Dalla militanza alla poesia delle pietre

Dopo gli anni delle lotte e delle disillusioni, Jodice cambiò direzione. “Da un giorno all’altro a nessuno interessò più vedere quello che io vedevo. E io li feci uscire dal quadro”, diceva, riferendosi alla sparizione della figura umana dalle sue foto. Ma in realtà, quell’umanità continuò a esistere, nascosta nei volti delle statue, nei frammenti del passato, nei reperti che tornavano a vivere grazie al suo sguardo.

La sua divenne una “archeologia dell’anima”, un lavoro di scavo emotivo e visivo che univa l’estetica all’etica, il tempo storico al tempo interiore.

L’uomo e il maestro

Dietro il grande fotografo, c’era un uomo mite, silenzioso, ironico e profondamente umano. Per decenni ha insegnato all’Accademia di Belle Arti di Napoli, formando generazioni di artisti e fotografi. Nella sua casa di Posillipo, piena di opere e ricordi, ha mantenuto intatta la sua camera oscura, il suo regno segreto, “rossastro come un ventre materno”, dove continuava a stampare e sperimentare.

Jodice non inseguiva le mode né le carriere. Per lui la fotografia era un linguaggio interiore, un mezzo per pensare. Diceva di sentirsi “predestinato alla fotografia”, ma non per servire la macchina o il mercato: per servire la visione, per indagare quel confine sottile tra realtà e sogno, luce e ombra, presenza e assenza.

L’eredità di uno sguardo

Nel suo immenso archivio, dalle serie “Mediterraneo”, “Città invisibili”, “Isolamenti”, resta una delle più potenti meditazioni visive del nostro tempo. Un alternarsi di pacificazione e tragedia, di silenzio e profondità, in cui convivono la dolcezza della memoria e la consapevolezza della fine. Come scrisse una volta, citando Pessoa: “Ma cosa stavo pensando prima di perdermi a guardare?

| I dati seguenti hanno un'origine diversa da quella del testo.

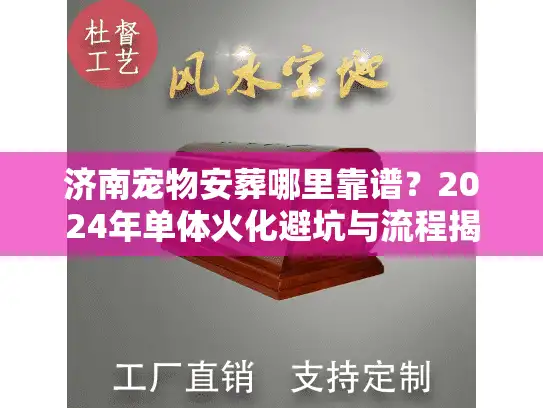 济南宠物安葬哪里靠谱？2024年单体火化避坑与流程揭秘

E in quell’atto di visione, pieno di pietà e di stupore, si trova ancora oggi la chiave della sua eredità: la fotografia come esperienza

spirituale, come modo di stare al mondo. Con lui, Napoli perde uno dei suoi occhi più lucidi e più innamorati. Ma la sua città, come le sue statue di pietra, continuerà a guardare attraverso il suo sguardo.